Google frantically attempted to respond. The most tangible step was that it merged its two research organizations which both were working on AI— Deep Mind and Google Research. Perhaps surprisingly, Hassabis was put in charge. The task was clear, namely, to come up with a large language model that would outperform Chat GPT.
At the end of 2022, Google/Deep Mind/Hassabis got some surprising “help”. Open AI’s board fired Altman. No clear reason was given. Some claim that Altman might have become a little bit too arrogant. The de factoowner of Open AI, Microsoft, did not appreciate this move. Apparently, Microsoft had not been in on the decision to let Altman go. Anyway, Microsoft offered job opportunities to all employees at Open AI who had become disgruntled with the firing of its widely popular leader. But, after some time, Altman was reinstated. This was, however, not covered in the book.
What this episode clearly demonstrates is that boards at times make decisions that can take its firms in directions that are at odds with the overall strategy. In this case, it was clear that Open AI’s decision to fire Altman led to organizational confusion and frustration, thereby slowing down Open AI’s ability to successfully compete against Deep Mind/Google.
In her conclusion, the author indicates that transparency seemed to be lacking in the AI industry. Both Open AI as well as Deep Mind were so focused on making better AI approaches that they did not open themselves up to scrutiny about whether their new systems might cause harm. Thus, the race between the two sides, actually between two giants, seemed to lead to a lessening of control of potentially dysfunctional effects from new systems launched. Thus, rivalry may lead to relaxed concerns regarding new systems’ ethical sides!
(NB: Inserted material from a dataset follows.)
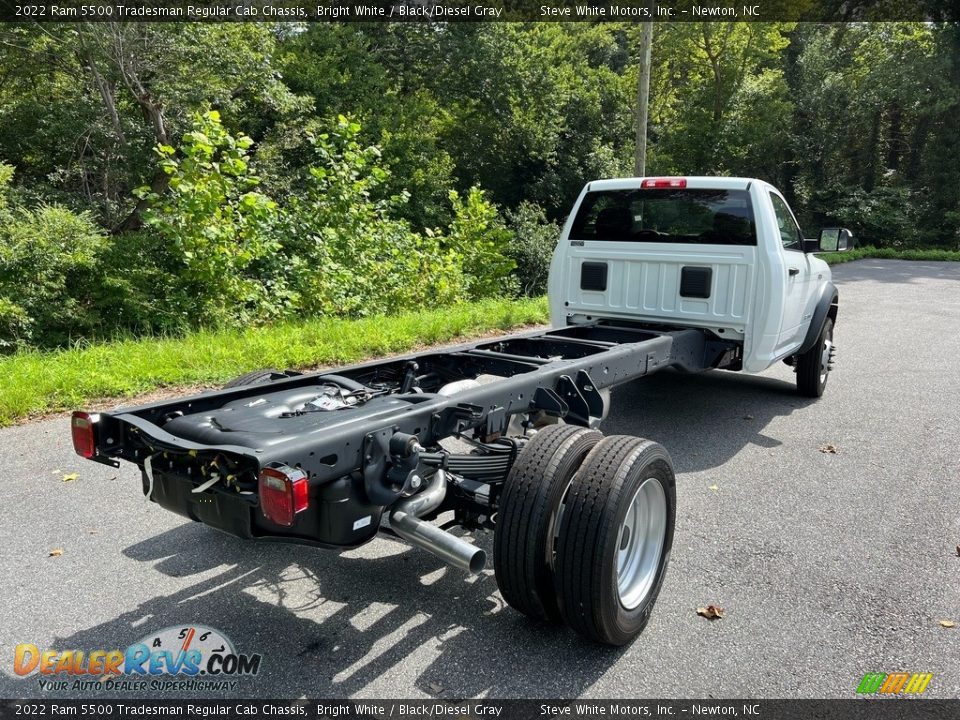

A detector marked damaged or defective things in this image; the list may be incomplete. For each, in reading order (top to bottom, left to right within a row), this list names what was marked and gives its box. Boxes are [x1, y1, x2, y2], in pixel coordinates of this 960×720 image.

This reviewer found that the present book was excellent, in the sense that it offered a glimpse into how two large IT-based corporations, Google and Microsoft, may compete. It accounts issues relating to the lack of speed of innovation in large firms, protecting their basic reputation by allowing risk-taking through semi-independent subsidiary firms, or dysfunctional decisions by subsidiary boards. Perhaps above all, the book illustrates the seemingly critical importance of having truly high-profile leaders at the helm. Both Altman and Hassabis were exceptional leaders, hard-driving, and strong in technical insights. Yet, while Altman emphasized rapid new product launches as well as new talent recruitment and development, Hassabis was perhaps more focused on “academic style” research. In the end though, both were highly successful. Perhaps the “answer” to “who was the best” might lie in the links between the two semi-autonomous companies they were leading and their parents (Google, Microsoft). Autonomy for the subsidiaries seems to be a key instrument, so that the companies could “deliver” on fast innovations. But control of the subsidiary boards is also critical, so as to maintain a steady strategic focus. To concentrate on potentially dysfunctional effects on society from new language models seems to be a particularly legitimate endeavor. Competitive rivalry must not lead to a weakening of this consideration!
This is a book that I can recommend. It even provides insights to readers such as this reviewer, who is certainly not a computer-systems expert! The sequel to the story so dramatically retold in this book shall likely be of high interest. The reviewer is eagerly awaiting the next book by Parmy Olson. Do not wait for the next book— read this one now!